All 9 seats on Camden Council 5 seats needed for a majority
- Registered: 87,311
- Turnout: 85.6%
|  | First party | Second party |
|  |  | IND |
| Party | Labor | Independents |
| Last election | 3 seats | 2 seats |
| Seats before | 2 | 2 |
| Seats won | 3 | 3 |
| Seat change | +1 | +1 |
| Primary vote | 20,054 | 18,491 |
| Percentage | 29.7% | 27.3% |
| Swing | −3.3 | +4.8 |
|  | Third party | Fourth party |
| Party | Libertarian | Liberal |
| Last election | Did not contest | 4 seats |
| Seats before | 0 | 4 |
| Seats won | 2 | 1 |
| Seat change | +2 | −3 |
| Primary vote | 16,448 | 8,378 |
| Percentage | 24.3% | 12.4% |
| Swing | +24.3 | −31.6 |

= 2024 Camden Council election =

The 2024 Camden Council election was held on 14 September 2024 to elect nine councillors to Camden Council. The election was held as part of the statewide local government elections in New South Wales.

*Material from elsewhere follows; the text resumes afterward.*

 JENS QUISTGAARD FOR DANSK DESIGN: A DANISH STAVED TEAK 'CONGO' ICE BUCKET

The Labor Party and independents won three seats each, while the Libertarian Party gained two. The Liberal Party lost three of the four seats it held prior to the election, owing to a missed candidate nomination deadline which prevented some of its councillors from recontesting.

==Background==
North Ward councillor Cindy Cagney resigned from the Labor Party in August 2024.

==Electoral system==
Like in all other New South Wales local government areas (LGAs), Camden Council elections use optional preferential voting. Under this system, voters are only required to vote for one candidate or group, although they can choose to preference other candidates.

All elections for councillor positions are elected using proportional representation. Camden has an Australian Senate-style ballot paper with above-the-line and below-the-line voting. The council is divided into three wards, each electing three councillors.

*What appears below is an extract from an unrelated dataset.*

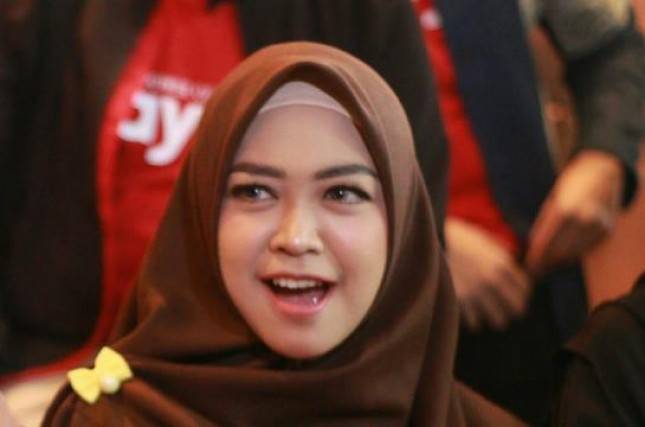Ria Ricis Menulis Buku Saya Pamit Tiga Bulan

The election was conducted by the New South Wales Electoral Commission (NSWEC).

==Retiring councillors==
===Labor===
- Paul Farrow (South)

==Candidates==
On 14 August 2024, the day that candidates nominations closed, the Liberal Party revealed they had missed the deadline to nominate 164 candidates in 16 different LGAs. This included all Liberal candidates in North Ward and South Ward.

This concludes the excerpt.